_EXERCISE BRIEF_:
Omit every picture, and retype the lines that run from the beginning of the data below through the line containing "2011 Hyundai Sonata Image 2", inclusive.

EXTRACTED RECORDS START

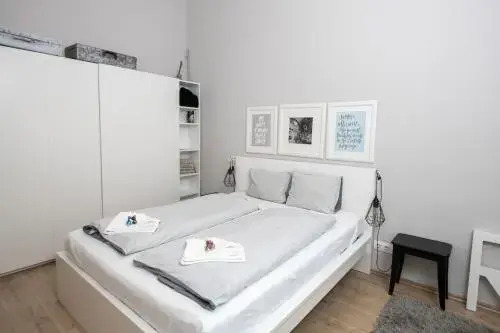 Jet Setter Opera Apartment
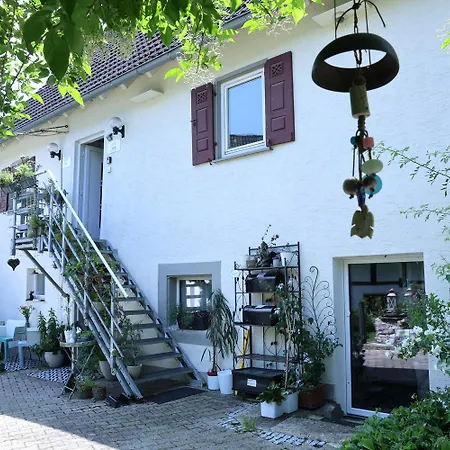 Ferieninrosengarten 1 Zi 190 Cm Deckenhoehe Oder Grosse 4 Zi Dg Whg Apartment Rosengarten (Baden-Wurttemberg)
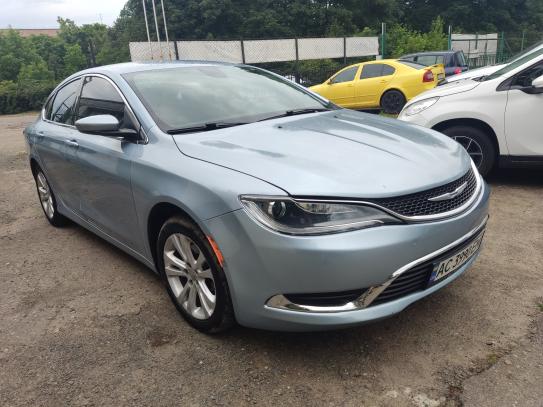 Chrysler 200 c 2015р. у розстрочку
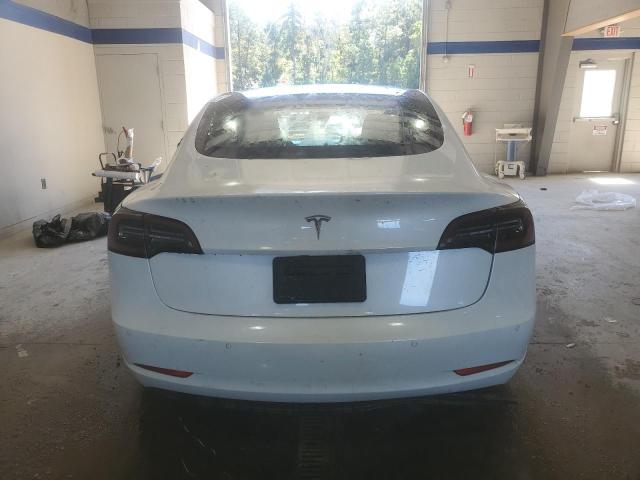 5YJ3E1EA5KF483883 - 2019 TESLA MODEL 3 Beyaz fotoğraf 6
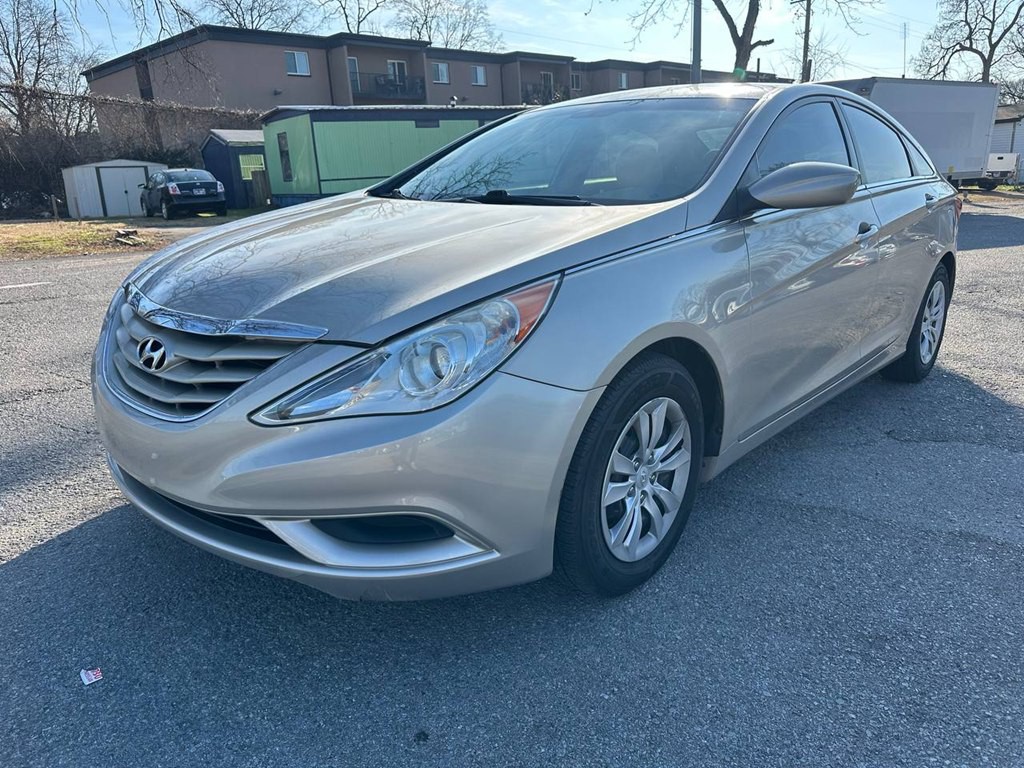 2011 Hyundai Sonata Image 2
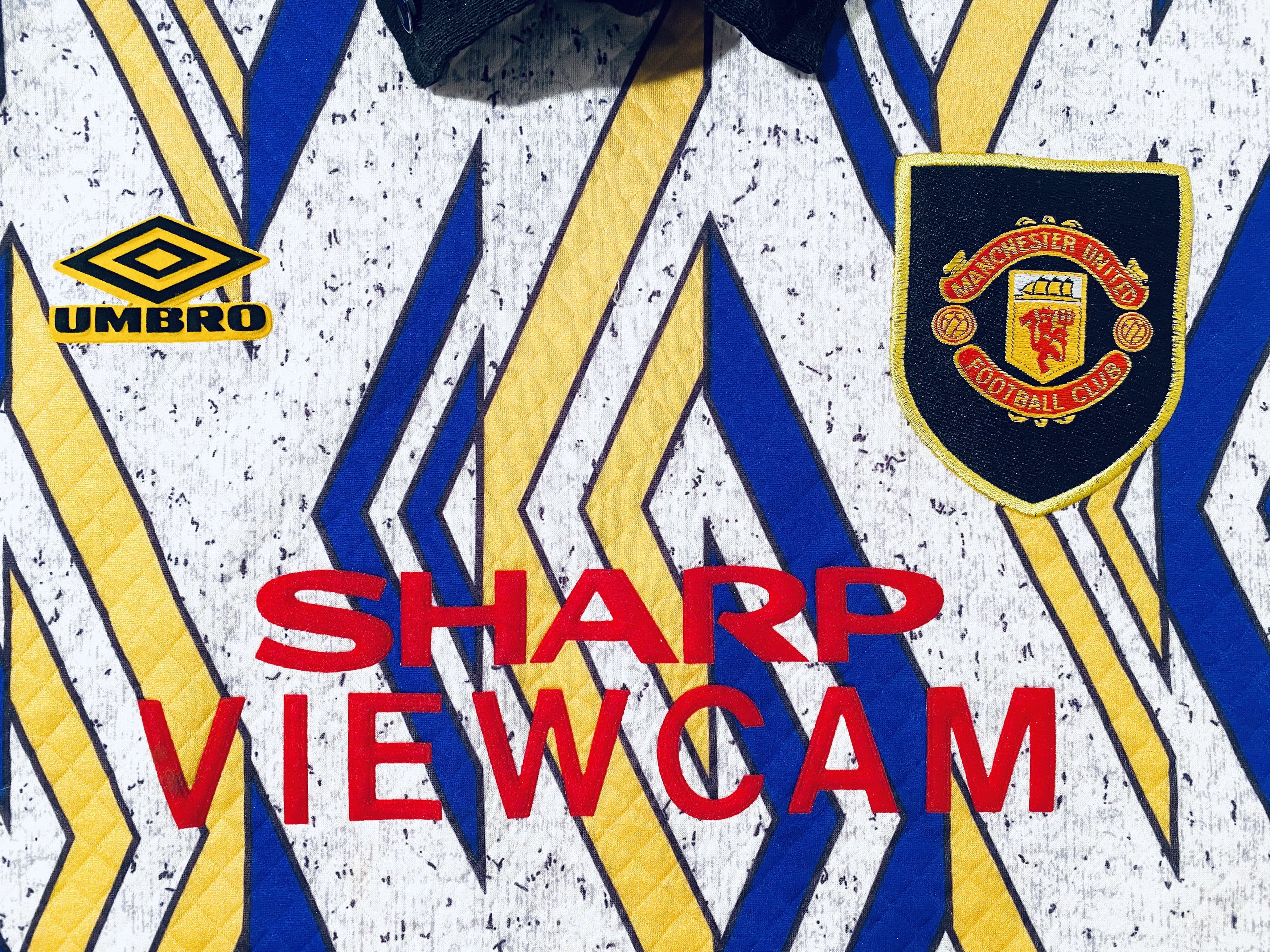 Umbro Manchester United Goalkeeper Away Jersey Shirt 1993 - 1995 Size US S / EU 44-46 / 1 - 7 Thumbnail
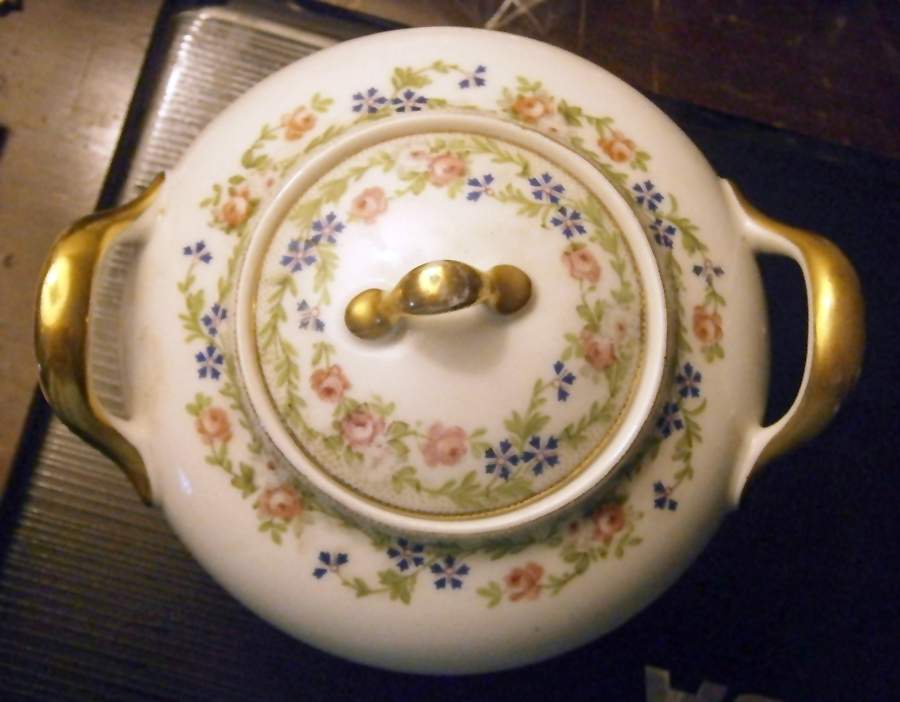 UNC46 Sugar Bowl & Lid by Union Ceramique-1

EXTRACTED RECORDS END

_SOLVED PROBLEM_:
 Jet Setter Opera Apartment
 Ferieninrosengarten 1 Zi 190 Cm Deckenhoehe Oder Grosse 4 Zi Dg Whg Apartment Rosengarten (Baden-Wurttemberg)
 Chrysler 200 c 2015р. у розстрочку
 5YJ3E1EA5KF483883 - 2019 TESLA MODEL 3 Beyaz fotoğraf 6
 2011 Hyundai Sonata Image 2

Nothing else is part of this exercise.